In the summer of 1971 Wayland had the opportunity to work for the BYU physics department doing high-pressure research. While at BYU Weyland decided to take a correspondence writing course. "Especially I wanted it to be by correspondence. Never again would I tell anyone face to face that I wanted to write. The course cost me, as I remember it, $37.50. In addition there was the typewriter to rent." Weyland decided that he wanted to write an article for the New Era magazine.

Weyland's first two stories that he sent into New Era were accepted, but his third entry was rejected. After having this rejection he was done writing, but the next summer he found himself submitting another article to New Era that was accepted.

Each summer Weyland found himself writing in his spare time. In 1979 he made a goal to write a novel that would be published by October, he finished his first novel, Charly. After completing his goal of writing a novel Weyland said, "The Lord blesses us richly for any service we give. He helps us discover talents we never know existed within us." In his writing career, Weyland has published about three dozen books and more than 50 short stories in the New Era.
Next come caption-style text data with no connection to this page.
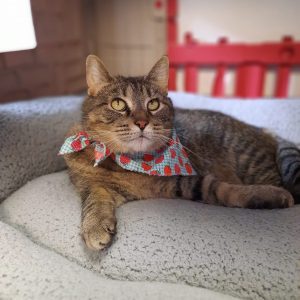 Meet Eggroll, The Illinois And Iowa Pet of the Week!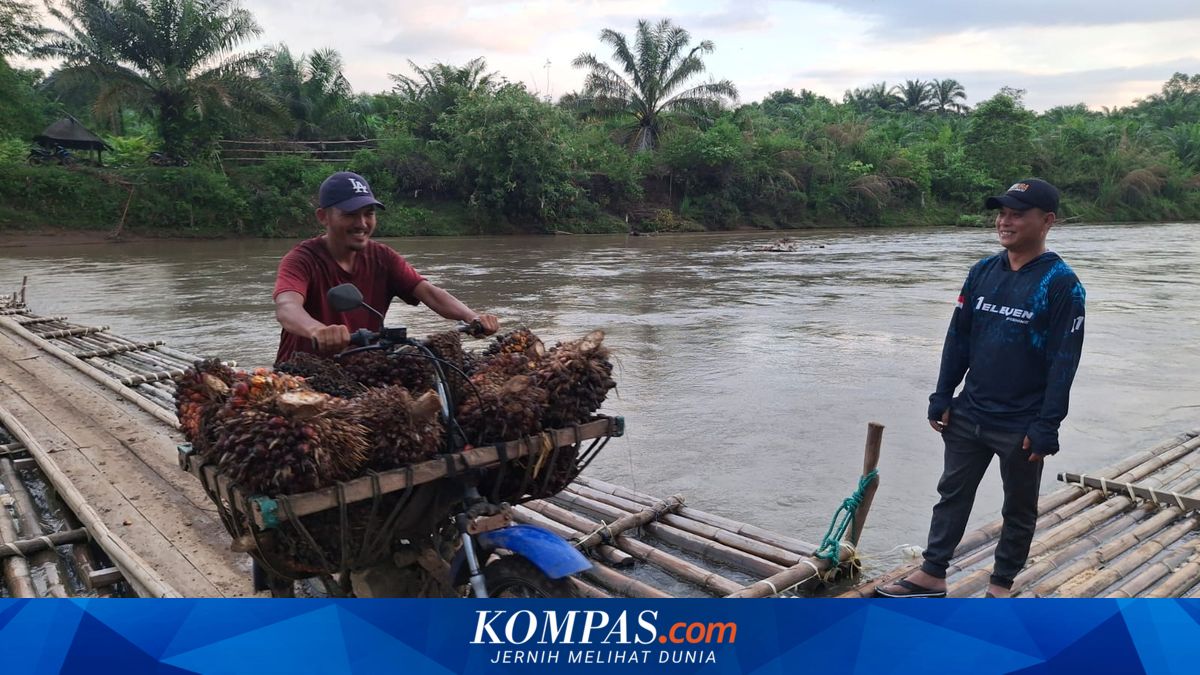 6 Gerakan Swadaya Warga Bengkulu Perbaiki Jalan dan Jembatan Rusak, dari Patungan Rp 10 Ribu hingga Rp 500 Ribu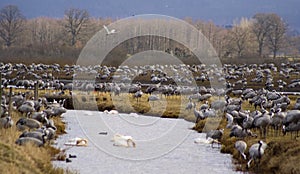 Crane dance at lake Hornborga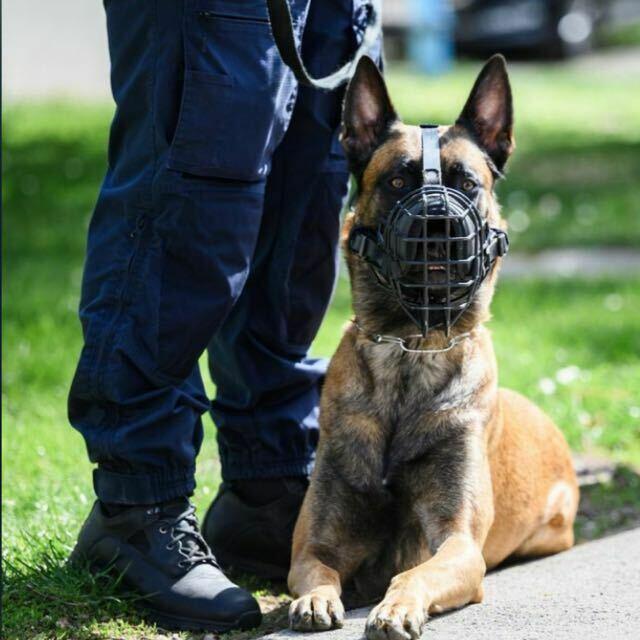 Edraque schnappte dank seiner guten Spürnase, einen mutmaßlichen Einbrecher.  | Foto: LPD Wien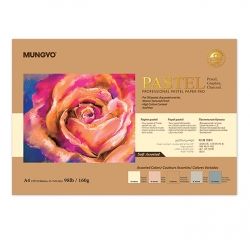 Professional Pastel Paper Pad, A3 Size 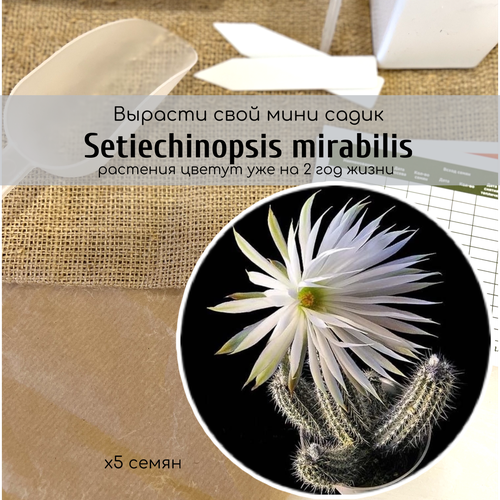    Setiechinopsis MIRABILIS ()       -     , -,   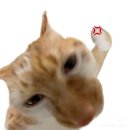 (신)금릉교통노동조합 | 진짜 여름 꽉꽉 담았다...🌞 7-8월 일상 모음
Although successful in his LDS publications, Weyland has continued to teach physics. He taught at Ricks College, (now BYU–Idaho) from 1993 to 2005, and has even continued teaching after retirement as a "campus service missionary". He explained "I enjoyed physics then and still do today. It is, after all, what I spend most of my time doing." He and his wife have also served as missionaries for the Church Educational System in Long Island, New York and Philadelphia, Pennsylvania.
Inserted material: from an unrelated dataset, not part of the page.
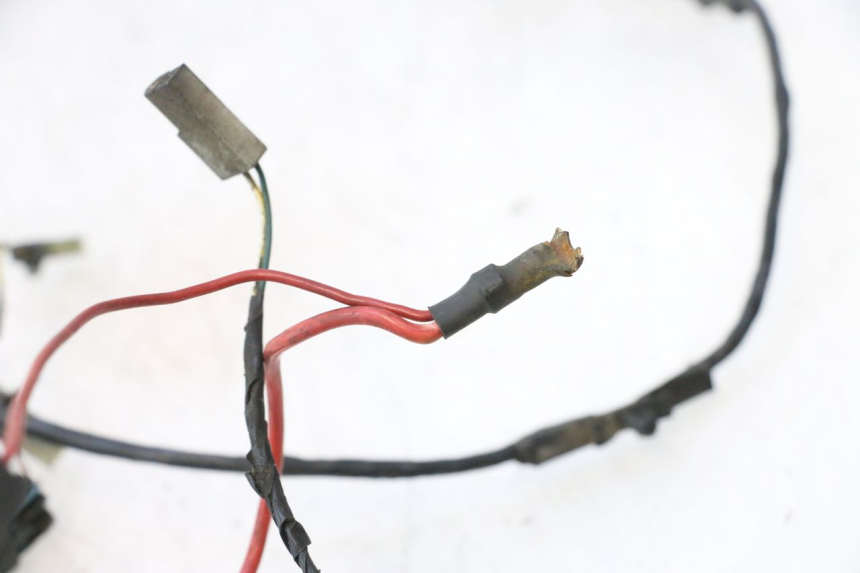 photo de FAISCEAU PEUGEOT LUDIX PRO 2T 50 (2010 - 2017) - Gros plan technique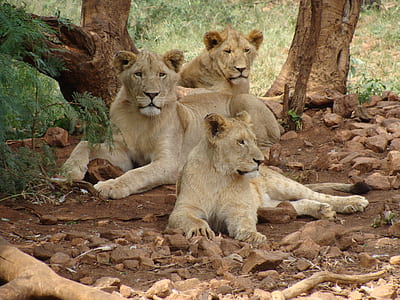 herd of lioness seating under the trees thumbnail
Weyland also writes a column on science topics for the local newspaper, the Rexburg Standard Journal.

==Publications==

- Weyland, Jack (1980). "Charly"
- Weyland, Jack (1981). "Sam"
- Weyland, Jack (1982). "The Reunion"
- Weyland, Jack (1983). "Pepper Tide"
- Weyland, Jack (1985). "The Understudy"
- Weyland, Jack (1986). "Last of the Big-Time Spenders"
- Weyland, Jack (1987). "Sara - Whenever I Hear Your Name"
- Weyland, Jack (1988). "Brenda at the Prom"
- Weyland, Jack (1988). "A New Dawn"
- Weyland, Jack (1989). "Stephanie"
- Weyland, Jack (1990). "Michelle & Debra"
- Weyland, Jack (1992). "Kimberly"
- Weyland, Jack (1993). "Nicole"
- Weyland, Jack (1995). "On the Run"
- Weyland, Jack (1996). "Night on Lone Wolf Mountain and Other Short Stories"
- Weyland, Jack (1996). "Lean On Me"
- Weyland, Jack (1997). "Brittany"
- Weyland, Jack (1998). "Jake"
- Weyland, Jack (1999). "Emily"
- Weyland, Jack (2000). "Ashley & Jen"
- Weyland, Jack (2001). "Megan"
- Weyland, Jack (2003). "Cheyenne in New York"
- Weyland, Jack (2003). "Adam's Story: A Novel"
- Weyland, Jack (2004). "Everyone Gets Married in the End"
- Weyland, Jack (2005). "Saving Kristen"
- Weyland, Jack (2006). "Alone, Together"
- Weyland, Jack (2008). "As Always, Dave"
- Weyland, Jack (2009). "Brianna, My Brother, and the Blog"
- Weyland, Jack (2009). "The Samaritan Bueno"
- Weyland, Jack (2010). "Cameron Meets Madison"
- Weyland, Jack (2010). "It All Started with Autumn Jones"
- Weyland, Jack (2011). "Mackenzie for Congress"
- Weyland, Jack (2012). "Favorites from Forever"
- Weyland, Jack (2012). "Charly"
- Weyland, Jack (2012). "Heather 101"
- Weyland, Jack (2012). "Gerald Giraffe"
- Weyland, Jack (2013). "With Wondering Awe"
- Weyland, Jack (2013). "Charly's Diary"
- Weyland, Jack (2014). "Be the Lion"

- Hannah's Legacy (2017)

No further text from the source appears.